Since that time, more than six hundred schools have opened around the globe — from Italy, France, Portugal, Spain, Holland, Belgium, Great Britain, Norway, Finland and Sweden to Russia, Georgia, Poland, Hungary, Romania, Israel, South Africa, Australia, Brazil, Chile, Peru, Argentina, Japan, etc. — making the Waldorf School Movement the largest independent school movement in the world. The United States, Canada, and Mexico alone now have more than 120 schools.
Although each Waldorf school is independent, and although there is a healthy oral tradition going back to the first Waldorf teachers and to Steiner himself, as well as a growing body of secondary literature, the true foundations of the Waldorf method and spirit remain the many lectures that Rudolf Steiner gave on the subject. For five years (1919-24), Rudolf Steiner, while simultaneously working on many other fronts, tirelessly dedicated himself to the dissemination of the idea of Waldorf education. He gave manifold lectures to teachers, parents, the general public, and even the children themselves.

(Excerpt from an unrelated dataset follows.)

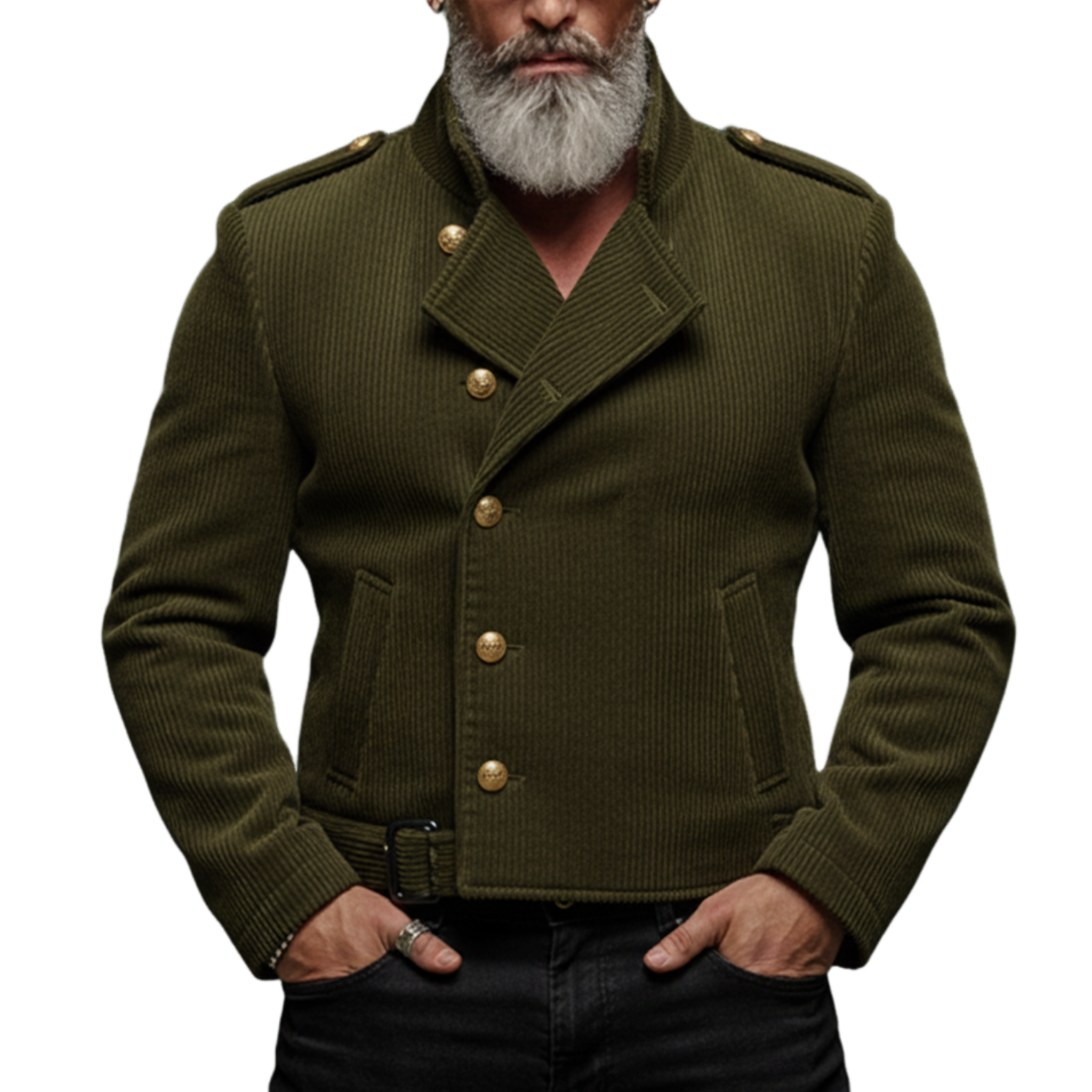 Men's Classic Retro Corduroy Lapel Single-breasted Jacket MTA1596K1K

New schools were founded. The movement grew.
While many of Steiner's foundational lectures have been translated and published in the past, some have never appeared in English, and many have been virtually unobtainable for years. To remedy this situation and to establish a coherent basis for Waldorf education, Anthroposophic Press has decided to publish the complete series of Steiner lectures and writings on education in a uniform series. This series will thus constitute an authoritative foundation for work in educational renewal, for Waldorf teachers, parents, and educators generally.